Brooklyn Clothier Founded by Holocaust Survivor Makes Masks to Protect People from Coronavirus

masks
Facebook/Martin Greenfield Clothiers

A Brooklyn, New York, clothier founded by Holocaust survivor Martin Greenfield, a man best known for dressing presidents and celebrities, is making masks to protect New Yorkers from the coronavirus.

The well-known and respected company, Martin Greenfield Clothiers, has been tasked with creating suits for former President Bill Clinton, former Vice President Joe Biden, Jimmy Fallon, Al Pacino, and even President Donald Trump.

But its next project is giving back to the community by creating masks to protect its fellow New Yorkers from the coronavirus.

“We’re always looking for solutions, not problems,” Tod Greenfield, the current co-vice president with his sibling of Martin Greenfield Clothiers, told the New York Daily News. “We will figure out a way to go forward and survive. We are a family of survivors.”

The founder of Martin Greenfield Clothiers, Martin Greenfield, is a Holocaust survivor himself.
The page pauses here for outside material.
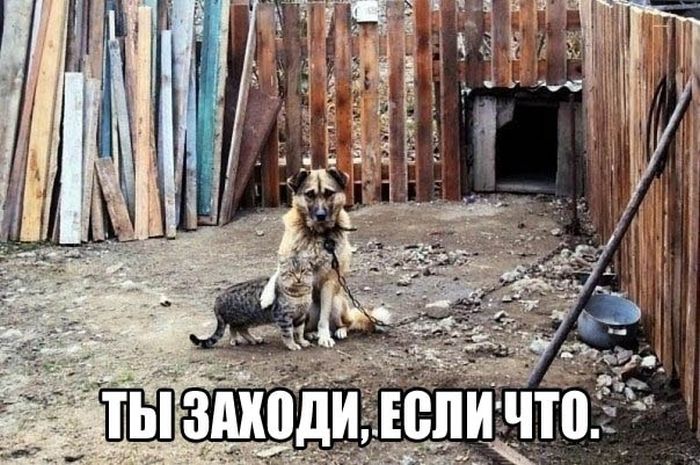 Забавные картинки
He survived Auschwitz 76 years ago and learned how to sew from one of the older Jewish inmates inside the Nazi laundry room.

Greenfield survived tyranny from inside that laundry room when he mended the shirt of the SS guard, who beat him for scrubbing the Nazi uniform so hard that it ripped.

Since then, Greenfield was able to come to America as the only Holocaust survivor out of his family and established Martin Greenfield Clothiers in Brooklyn.

The custom suit-maker teamed up with union workers to start producing protective face masks, aiming to give the first batch of masks to local community groups in need.

“We’ve never had the attitude that our business existed simply to profit for our benefit, but to benefit the workers, their families, and the surrounding community,” said Tod Greenfield, 59.

The company is also selling washable, reusable masks on its website, promising to distribute one free mask for each mask sold.

Edgar Romney, secretary-treasurer of the Workers United union, said he approached the Greenfield family about making masks to put his members back to work.

Romney said some of his union members died of coronavirus, and some of the survivors were reluctant to use mass transit during the peak of the pandemic. The first shift of mask-makers was just ten, but they are hoping to get 65 mask-makers employed.

The first completed bundle of masks went to St. Nick’s Alliance, a nonprofit serving low-income Brooklyn residents. Once production ramps up, the business plans to donate their second batch of masks to a neighborhood homeless shelter.

“My dad always instilled in us his desire to give back to the community whichever way we can,” said Tod Greenfield. “This just seemed like something we should be doing.”